Might need some tweaks so please let me know.


----------



## jonathynblythe (Apr 14, 2011)

*Re: Excel: Comparing two excel documents and coloring the differences*

It's telling me, "Compile Error: Expected End Sub". It highlights this line in yellow afterwards: "Sub FindDuplicates2() 'matches against 2 cols"


----------



## Glaswegian (Sep 16, 2005)

*Re: Excel: Comparing two excel documents and coloring the differences*

Hi Jon

Sounds like you may have missed the last line of the code - *End Sub*. Just add that to the end of the code.


----------



## jonathynblythe (Apr 14, 2011)

*Re: Excel: Comparing two excel documents and coloring the differences*

Oops... sorry about that.

Yes, it highlights the changed addresses red. Can I add code so that it does this for the other columns also? (Name, zip code, heading, etc.)

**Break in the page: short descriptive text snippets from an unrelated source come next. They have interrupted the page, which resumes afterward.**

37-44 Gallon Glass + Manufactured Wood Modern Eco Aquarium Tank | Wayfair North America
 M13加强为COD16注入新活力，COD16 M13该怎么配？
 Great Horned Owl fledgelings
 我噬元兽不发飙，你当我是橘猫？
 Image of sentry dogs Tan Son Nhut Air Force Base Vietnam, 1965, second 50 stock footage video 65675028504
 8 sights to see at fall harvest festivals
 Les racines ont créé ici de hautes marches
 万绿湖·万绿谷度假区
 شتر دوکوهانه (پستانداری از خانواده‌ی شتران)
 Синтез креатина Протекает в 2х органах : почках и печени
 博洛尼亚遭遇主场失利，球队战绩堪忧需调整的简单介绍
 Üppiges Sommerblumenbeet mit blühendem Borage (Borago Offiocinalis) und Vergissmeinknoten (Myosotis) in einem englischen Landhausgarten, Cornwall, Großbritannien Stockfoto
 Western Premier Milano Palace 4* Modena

I can't thank you enough! I noticed that the red highlight is on the wrong sheet, I suppose range 1 is how you change it so that it's on the first sheet I select the range for?

Again, thank you SO much!


----------



## Glaswegian (Sep 16, 2005)

*Re: Excel: Comparing two excel documents and coloring the differences*

Hi Jon

Try this - it will highlight the entire row this time. I've also switched the ranges so the highlight should be on the correct sheet - sorry about that.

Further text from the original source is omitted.